Coach Rocks Stamps Ticket to Oaks/Reason to Soar Returns a Winner
Roddy Valente, RAP Racing, and West Point Thoroughbreds’ Coach Rocks stamped her ticket to the Kentucky Oaks with a dazzling win in the Gulfstream Park Oaks (G2) over the weekend. She earned 100 Oaks qualifying points for the win, vaulting her to 2nd on the Kentucky Oaks leaderboard. Watch interview with Terry Finley right after the race.
Five West Point Partners are fulfilling the dream of racing for the lilies at Churchill Downs with their sweet daughter of Oxbow.
West Point bought into the Dale Romans trained filly after Terry Finley watched her breeze “lights out” on March 17 following a stylish maiden win around two turns. The investment paid off quickly, and the filly made the jump from maidens to stakes competition seamlessly after being bet down to 5/2 from her 8/1 morning line.
“She figured the game out, “said Romans. “I never expected her to lose. Every time I've brought her over, I thought she would win. It took time for her to figure it out that she is as good as she is,” Romans said. “When she swung out wide and found her rhythm, I thought she would grind them down. I know she's fit and distance wasn't an issue.”

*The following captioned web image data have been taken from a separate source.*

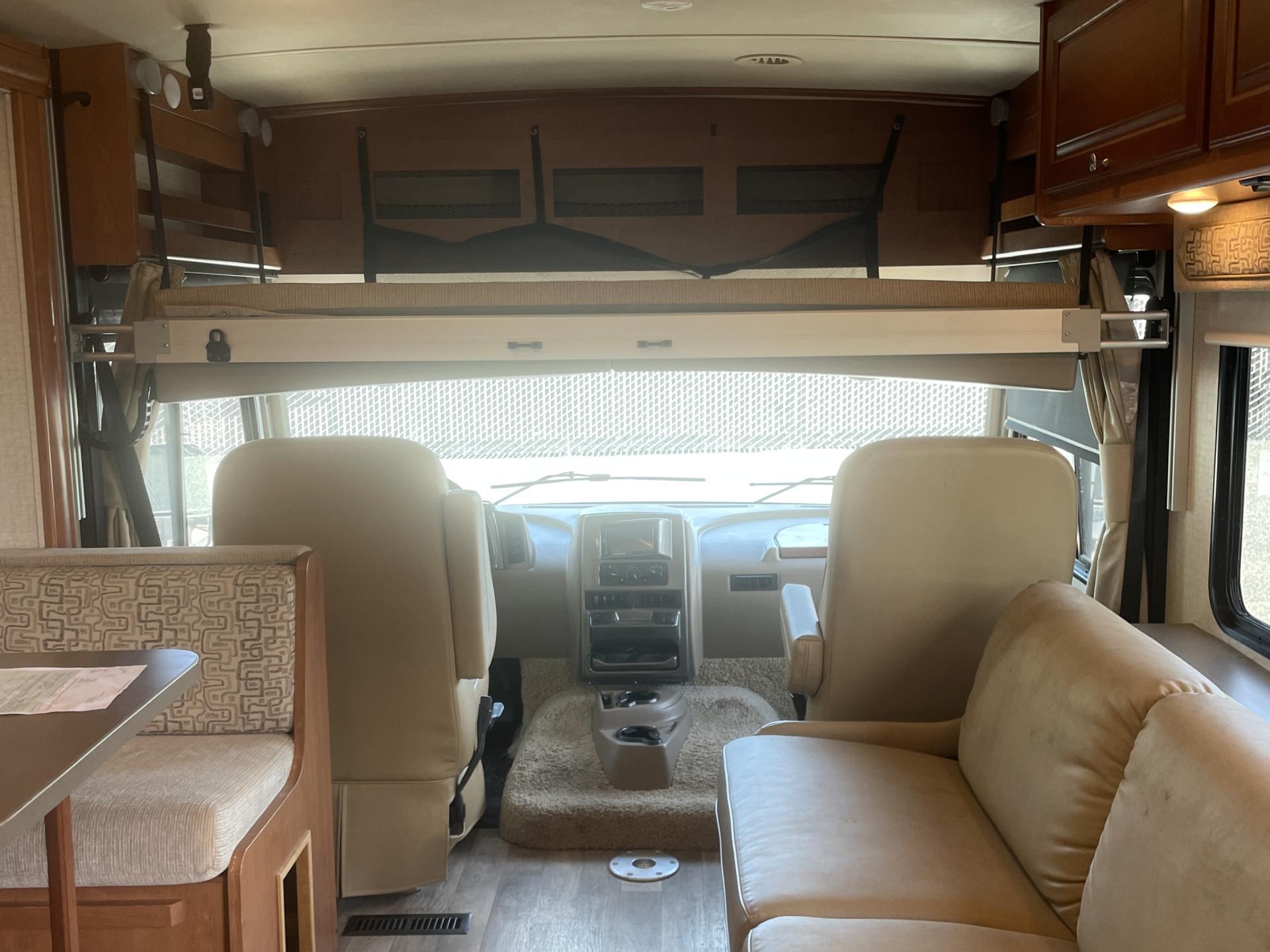 2018 Winnebago Vista 27pe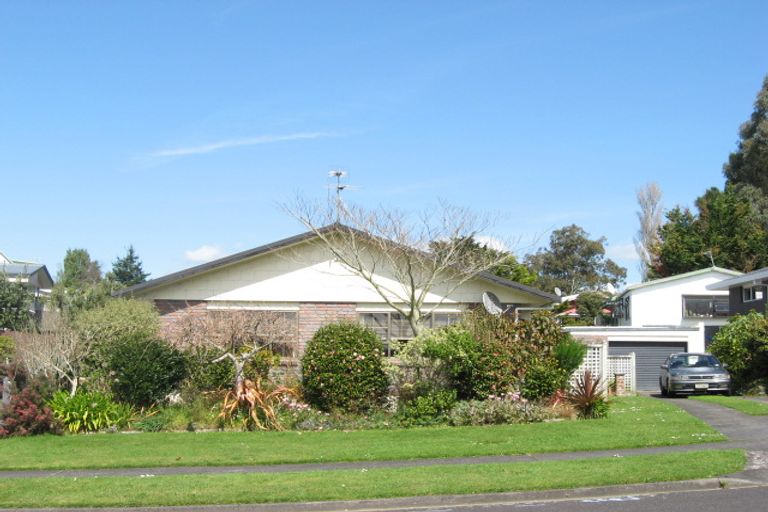 Photo of property in 3 Caledonia Place, Highlands Park, New Plymouth, 4312
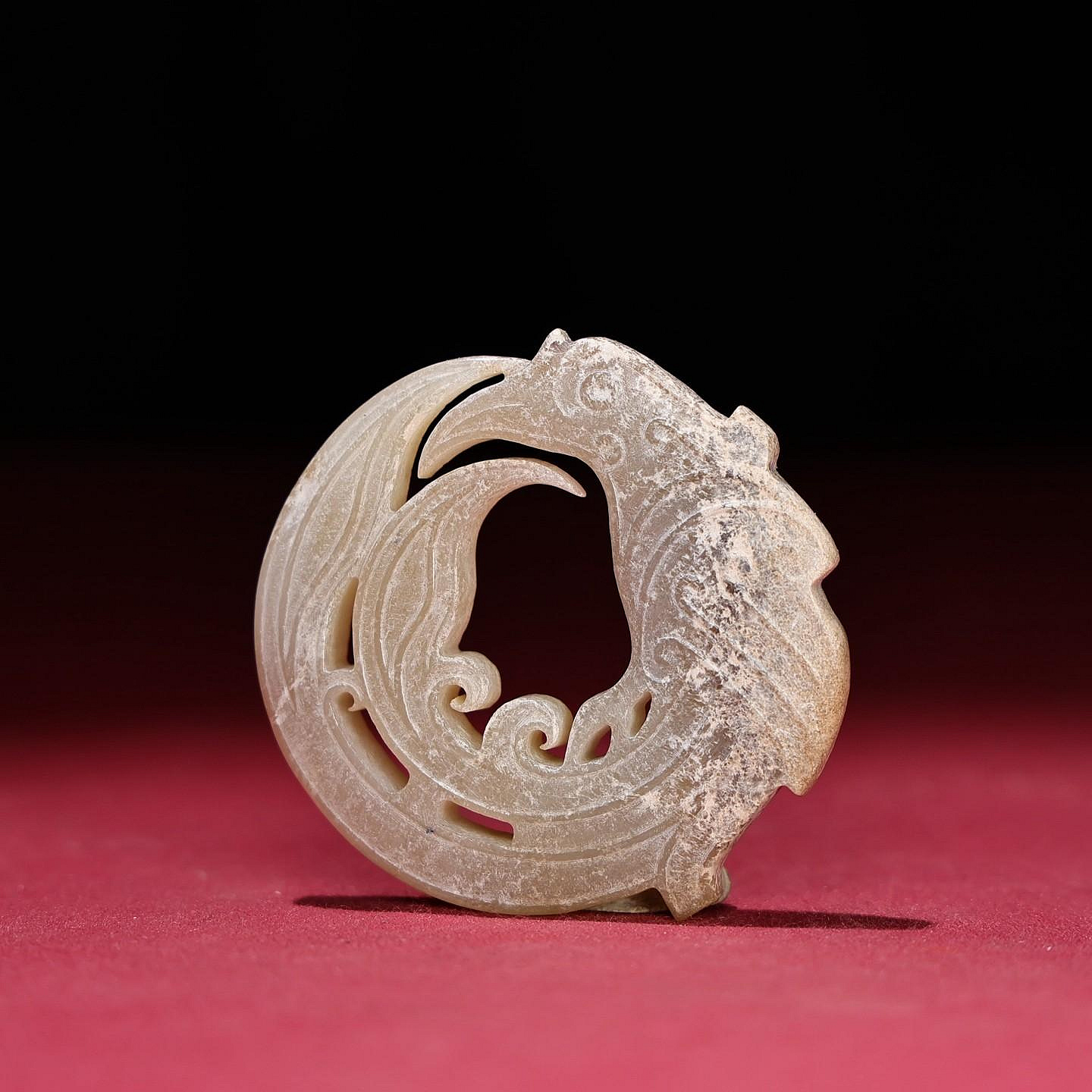 臻品舊藏， 和田白玉生坑玄鳥佩包漿厚重，沁色入骨，工藝精湛，犀利民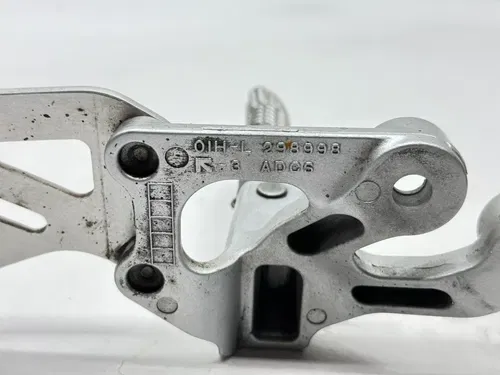 2009 Suzuki GSXR 600 Rear Sets Foot Pegs OEM Rearset Left Right Driver GSXR600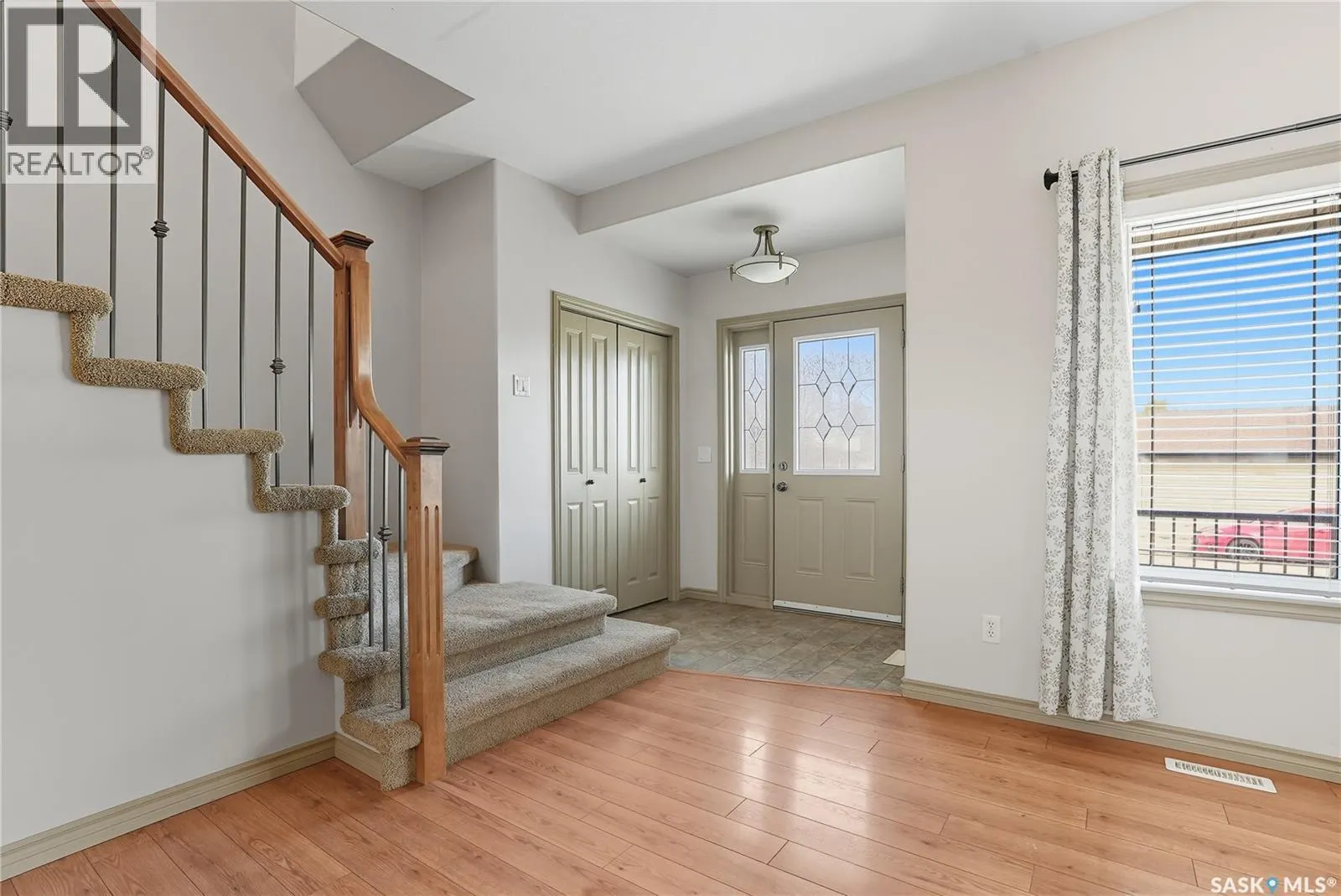 651 Willowgrove CRESCENT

“This filly is the real deal,” said Finley. “I watched her work one morning at Gulfstream and turned to Dale and said, “who is that?” I reached out to Rick Pitino, and we were fortunate to get the deal done and get a great group of Partners involved with her. I’ve never met a filly with a better mind -- nothing bothers her, and she’s a sweetheart in the barn. The way she did it on Saturday, she’s got a super legit chance to win the Oaks.”
In the opener on the Florida Derby day card, Reason to Soar returned off a layoff to score in a Florida-bred allowance race with a $75,000 pot. Trained by George Weaver, the stakes- placed son of Soaring Empire was making his first start since the summer at Saratoga.
Eclipse Award winning jockey, Jose Ortiz was all smiles after he dismounted saying, "He just did everything so easy today. My horse just glided up on the leader, without encouragement, so I decided to let him roll and not take momentum away from him. Down the stretch when he switched leads, I knew we were home."